Valantine was born in The Gambia and lived in Banjul as a child. When her father was selected as the Gambian High Commissioner to the United Kingdom, she and her family moved to London. She studied biochemistry at Chelsea College, London University and graduated from medical school at St. George's Hospital Medical School in 1978.

==Career==

After medical school Valantine performed post-graduate work in cardiology at the Brompton Hospital and Hammersmith Hospital in London. She recalls that her decision to enter this field elicited skepticism from colleagues, as only two other women cardiologists worked in the UK at the time. After her residencies in the U.K., she became a fellow at Stanford and worked with Norman Shumway, a pioneer in the field of heart transplants. She became a professor of cardiovascular medicine at the Stanford University School of Medicine in 1989 and reached full professor rank in 2001.

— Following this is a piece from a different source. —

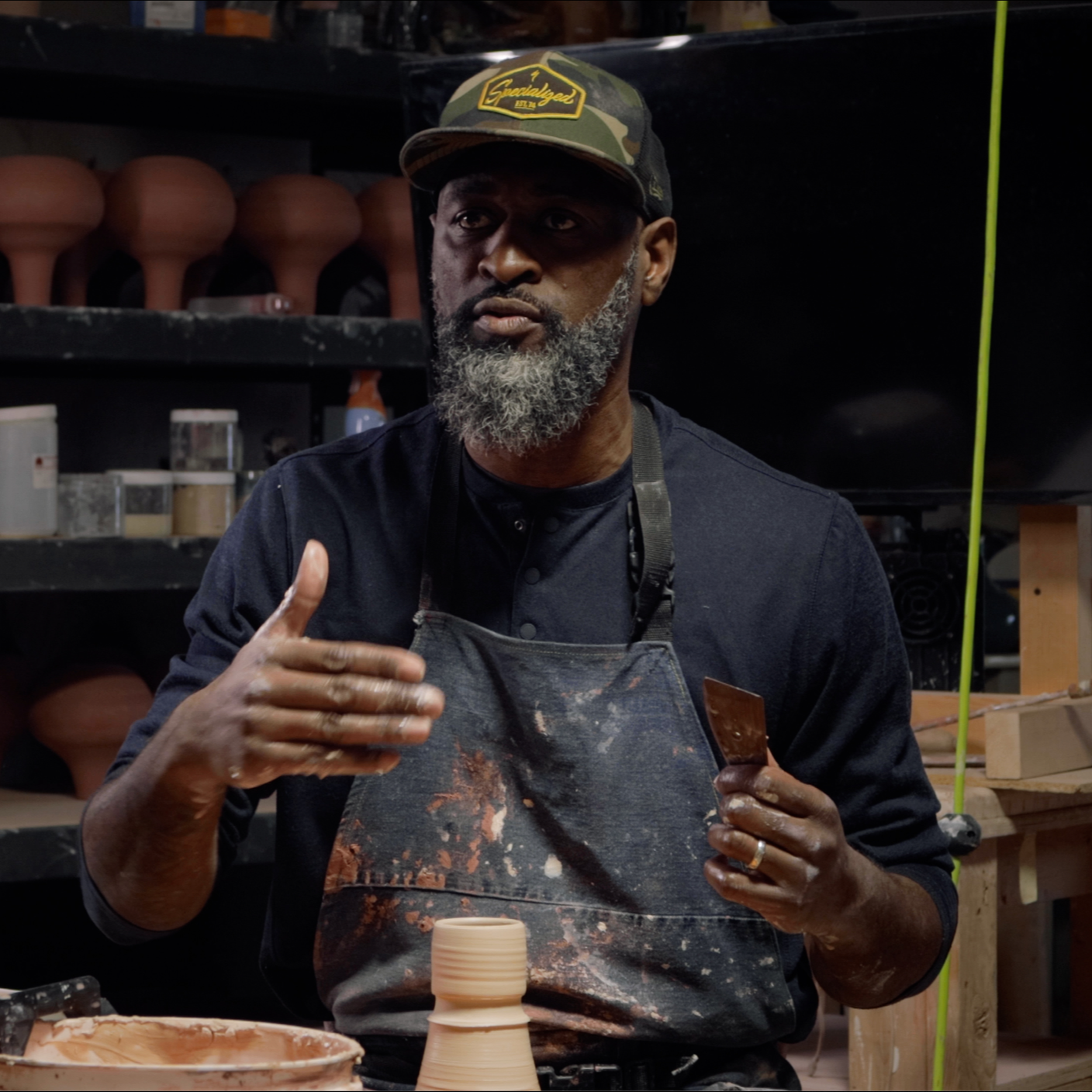 The [POTTERY 32] Project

Valantine became SUMC's Senior Associate Dean for Diversity and Faculty Development in 2005. On taking this role, she cited the importance of mentorship and social engagement in developing the careers of young faculty and emphasized her experience as a working mother in shaping her advice to young scientists. During the 2009–10 academic year, Valantine was a Faculty Research Fellow at Stanford's Clayman Institute for Gender Research. She was selected in 2010 as one of six recipients of NIH Pathfinder Awards, which were intended for the study of women's underrepresentation in biomedical faculty positions in the United States.

Valantine describes her pursuit of innovation as the foundation of her professional career - innovation in heart transplant and innovation in efforts to diversify the biomedical research workforce.

==NIH leadership==

In 2014, NIH Director Francis Collins announced Valantine's appointment as NIH's first Chief Officer for Scientific Workforce Diversity, a new position whose entire focus is diversity in biomedicine. Among her accomplishments in this position is the 2014 award of nearly $31 million to develop methods for outreach and career development targeted toward members of demographic groups underrepresented among professional scientists.

Under Valantine's leadership, the racial gap in rates of NIH applications and awards to projects led by African-American researchers has been practically, and in some cases entirely, eliminated, with increases of up to 142% in some award areas. Similar trends are apparent for Hispanic/Latinx scientists. Valantine also developed the NIH Distinguished Scholars Program, which aims to increase diversity among tenure-track researchers in intramural research programs. This program reduces barriers to recruitment of cohorts of principal investigators from underrepresented groups in biomedical research such as people of color, individuals with disabilities, and women.

Valantine also leads the Laboratory of Transplantation Genomics at the National Heart, Lung, and Blood Institute in Bethesda, Maryland, focusing on heart transplant rejection.